# Advice For Claw Trimming



## Therm (Aug 2, 2015)

Hey all, 

my little lady Sunny has a toe that is a little deformed and means that it's turned sideways at the end so her toenail points sideways rather than straight forward. 

She gets around fine and doesn't have any problems but I'm aware of the fact that how she is able to grip the perch means she's going to have to have a regular trim as it is the outer nail that is pointing inwards and will affect her other toe if I'm not careful. 

The four week mark is coming up with the girls and I'm starting to think about the next steps.

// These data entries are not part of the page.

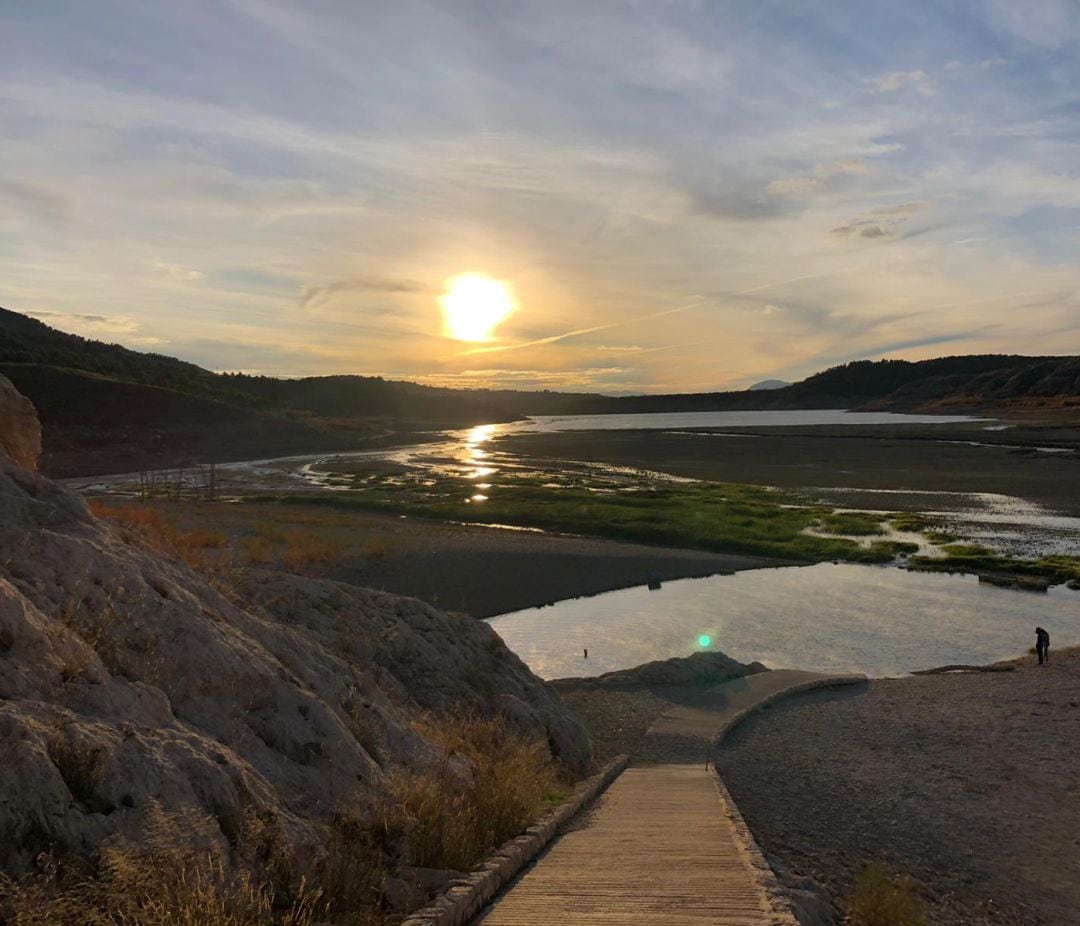 Cola del pantano del Negratín a comienzos de 2021. La bajada de las aguas ha dejado al descubierto la poza que forma el antiguo manantial de aguas termales de Zújar (Granada), habitualmente cubierto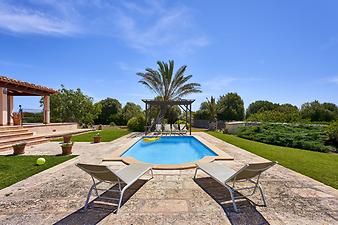 Finca Can Guillem Boquet: Der Pool der Finca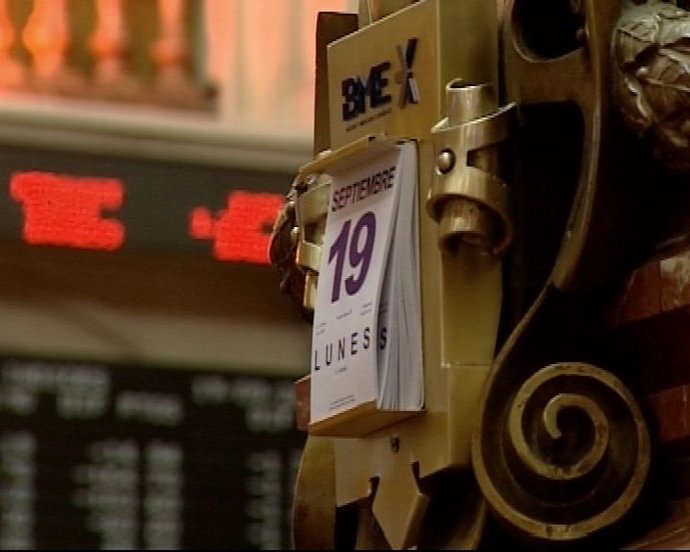 El Ibex 35 cae un 2,64% en la apertura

I think it's best to trim Sunny's claw before I let anyone meet anyone else. 
Ideally, I love the idea of a vet doing it, however, it's not practical for me to not learn when this is something Sunny is going to need doing very frequently throughout her life so I'm looking for any advice anyone might have about trimming. 

I know that I shouldn't be very careful of the quick and would much rather be over cautious than cause my girl any pain by being too hasty. 

Thanks in advance.


----------



## MineOfBudgies (Apr 23, 2015)

I think it might be a good idea for a vet to show you how to do it so you can do it throughout her life. When in doubt, go to the vet.


----------



## StarlingWings (Mar 15, 2013)

I agree, I would take her to the vet and have him show you so there's no doubt


----------



## FaeryBee (May 9, 2011)

*Is Sunny used to being handled?
Are her toenails pink (see through) or grey (and hard to see through)?

Once you have the vet show you once, it's easy to do with a budgie that is willing to be held.

All you need is a pair of human finger nail clippers. 
You are much better off taking just a tiny bit at a time to ensure you don't nick the quick. 
Be sure to have styptic powder nearby when you do her nails "just in case".*


----------



## Therm (Aug 2, 2015)

Thanks guys. I'll give the vets a call tomorrow after work and make an appointment. 

Sadly, Sunny is not used to be handled. And she has little pink feet. 
I will absolutely air on the side of caution and do a little when it comes to me doing it.


----------